Efficient raster processing in R

Did you know that you can process rasters in R in multiple ways?

By raster processing, we mean reading a raster file into R and performing some calculations with it. This can be as simple as finding the minimum value in the raster or as complex as using multiple rasters in a conditional function to produce an output raster.

In any case, if you are processing large rasters, the efficiency of these operations can start to matter… a lot!

Let’s take a simple example where we create a two large rasters with the hope of doing some processing work. We then randomly set some subset of the first raster cells to a value of NA.

library(raster)
library(terra)
library(tictoc)

# set random seed for this exercise
set.seed(20201114)

# small raster
# r1 <- rast(system.file("ex/elev.tif", package="terra"))

# large raster
r1 <- rast(vals=runif(n=9e6,min=100,max=200),nrows = 3e3, ncols = 3e3, resolution = 0.5)

# second raster
r2 <- r1+100

# randomly set some values to NA in r1
r1[sample(x=seq(1,100000),size = 20000,replace=FALSE)] <- NA
terra::plot(r1,colNA='blue')

This produces the plot below – we can see some blue raster cells where the raster r1 has a value of NA.

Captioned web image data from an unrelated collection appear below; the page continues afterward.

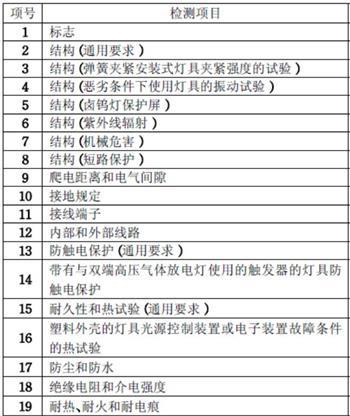 LED灯CE认证检测项目图片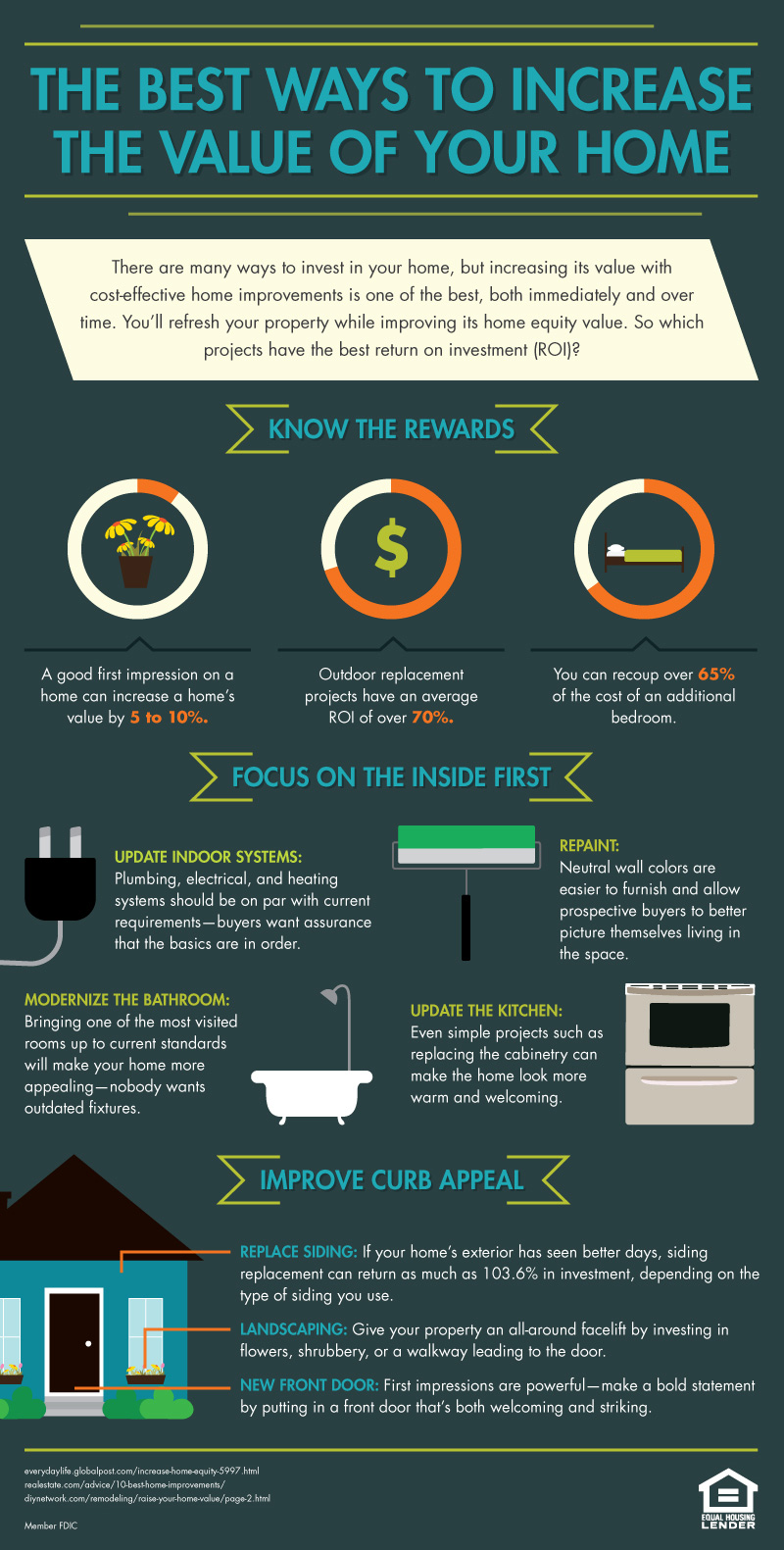 Features to Consider When Building a New Home [Infographic]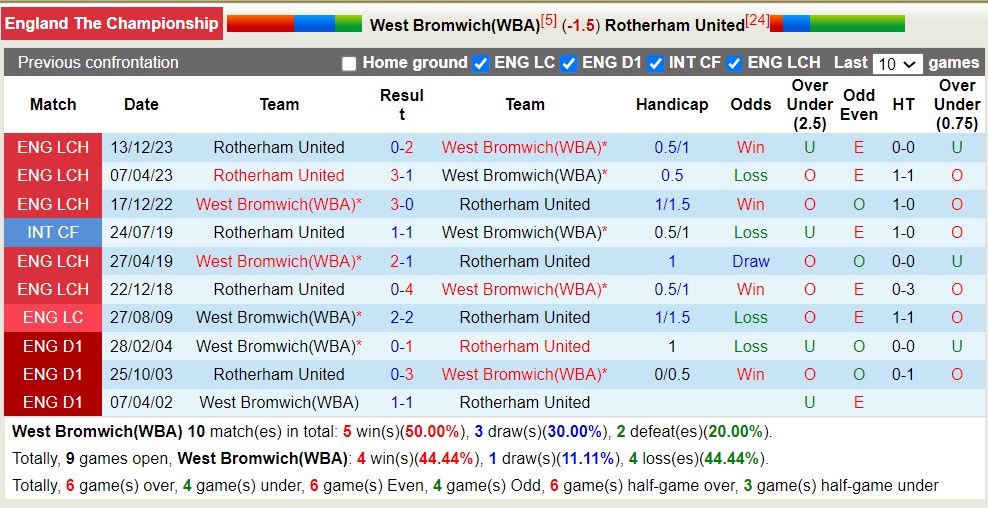 Nhận định West Brom vs Rotherham United, 2h ngày 11/4 - Ảnh 3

Great! Now we want to use the r2 raster, but set its values also to be NA if r1 has a value of NA. This happens commonly if we are processing multiple rasters, say a digital elevation model (DEM) and a Height Above Nearest Drainage (HAND) raster, and we only want our depth raster to be valid where both of these rasters have values.

One way to do this is to define a function with the raster package and overlay the rasters, setting values of r2 to NA if r1 is NA, and returning the resulting raster. See the processing time for this below.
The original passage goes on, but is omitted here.